In general this will be a problem for synchronous algorithms like PPO as they wait until the train_batch_size
of samples is sampled. In this regard you could try out an asynchronous algorithm like for example APPO where waiting is less a problem.
If you want to stick with PPO, you could check, if you are running already on the new stack (i.e. config.experimental(_enable_new_api_stack=True
, but on the newest Ray version).
Furthermore I would check what your memory workload is - this is quite often the more limiting factor.
Hi @Lars_Simon_Zehnder , thanks for the reply. I updated ray
to latest 2.9.3
to test this. Could you explain what _enable_new_api_stack
will do in PPO
? I am running some tests now but want to get an understanding of the setting 
Also, I’ve tried APPO
but keep on getting this issue:
Trial task failed for trial APPO_env_84112_00000
Traceback (most recent call last):
File "/hpcdata/conda/x86_64/envs/lib/python3.11/site-packages/ray/air/execution/_internal/event_manager.py", line 110, in resolve_future
result = ray.get(future)
^^^^^^^^^^^^^^^
File "/hpcdata/conda/x86_64/envs/lib/python3.11/site-packages/ray/_private/auto_init_hook.py", line 22, in auto_init_wrapper
return fn(*args, **kwargs)
^^^^^^^^^^^^^^^^^^^
File "/hpcdata/conda/x86_64/envs/lib/python3.11/site-packages/ray/_private/client_mode_hook.py", line 103, in wrapper
return func(*args, **kwargs)
^^^^^^^^^^^^^^^^^^^^^
File "/hpcdata/conda/x86_64/envs/lib/python3.11/site-packages/ray/_private/worker.py", line 2624, in get
raise value.as_instanceof_cause()
ray.exceptions.RayTaskError(RuntimeError): ray::APPO.train() (pid=182352, ip=10.74.113.160, actor_id=d4c9ebaea7cfbbef5e6d039101000000, repr=APPO)
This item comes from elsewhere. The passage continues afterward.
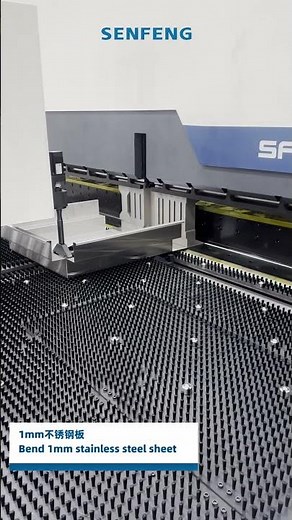 BDC2500 | Bending 1mm Stainless Steel Sheet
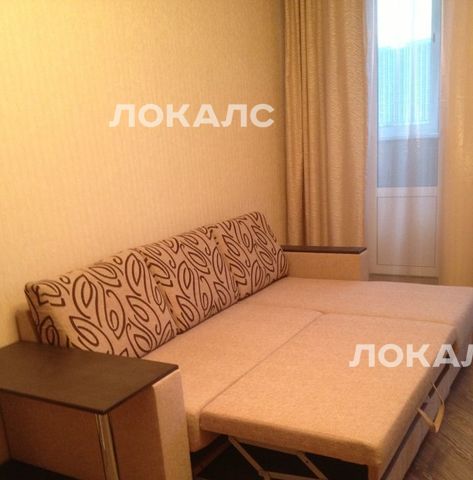 Сдам 1к квартиру на Фортунатовская улица, 10, метро Партизанская, г. Москва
^^^^^^^^^^^^^^^^^^^^^^^^^^^^^^^^^^^^
^^^^^^^^^^^^^^^^^^^^^^^^^^^^^^^
File "/hpcdata/conda/x86_64/envs/lib/python3.11/site-packages/ray/tune/trainable/trainable.py", line 342, in train
raise skipped from exception_cause(skipped)
File "/hpcdata/conda/x86_64/envs/lib/python3.11/site-packages/ray/tune/trainable/trainable.py", line 339, in train
result = self.step()
^^^^^^^^^^^
^^^^^^^^^^^^^^^^^^^^^^^^^^^^^^^
File "/hpcdata/conda/x86_64/envs/lib/python3.11/site-packages/ray/rllib/algorithms/algorithm.py", line 852, in step
results, train_iter_ctx = self._run_one_training_iteration()
^^^^^^^^^^^^^^^^^^^^^^^^^^^^^^^^^^
^^^^^^^^^^^^^^^^^^^^^^^^^^^^^^^
File "/hpcdata/conda/x86_64/envs/lib/python3.11/site-packages/ray/rllib/algorithms/algorithm.py", line 3042, in _run_one_training_iteration
results = self.training_step()
^^^^^^^^^^^^^^^^^^^^
^^^^^^^^^^^^^^^^^^^^^^^^^^^^^^^
File "/hpcdata/conda/x86_64/envs/lib/python3.11/site-packages/ray/rllib/algorithms/appo/appo.py", line 363, in training_step
train_results = super().training_step()
^^^^^^^^^^^^^^^^^^^^^^^
File "/hpcdata/conda/x86_64/envs/lib/python3.11/site-packages/ray/rllib/algorithms/impala/impala.py", line 698, in training_step
raise RuntimeError("The learner thread died while training!")
RuntimeError: The learner thread died while training!
Trials did not complete: [APPO_floris_env_84112_00000]
Any helpful thoughts on this ? Greatly appreciated!
Hi @max_ronda, we are since last year at work to transfer RLlib to a new stack that uses a couple of new (or enhanced) APIs. One is the RLModule
API that replaces the ModelV2
and is better customizable and faster. This is already in use for PPO and APPO. The other one is the EnvRunner API
that replaces the RolloutWorker
for sampling from the environment. The former one is light-weighted and can even be used outside of RLlib. Then there is the Learner API
that enables learning in multiple parallel threads (on multiple GPUs).
_enable_new_api_stack=True
enables the RLModule
API and the Learner
API. To use the EnvRunner
API you have to import the SingleAgentEnvRunner
and define the env_runner_cls
in the config
:
from ray.rllib.env.single_agent_env_runner import SingleAgentEnvRunner
config = (
PPOConfig()
.rollouts(env_runner_cls=SingleAgentEnvRunner)
.experimental(_enable_new_api_stack=True)
...
In regard to the error message, again, it’s hard to tell without a reproducable example. We do not know what your environment is returning and how the algorithm’s methods are called. Here, you could also try to use the new stack and see, if it works with the new stack. The implementaiton of the EnvRunner
API is happening already - I assume with the next minor version APPO might come with it.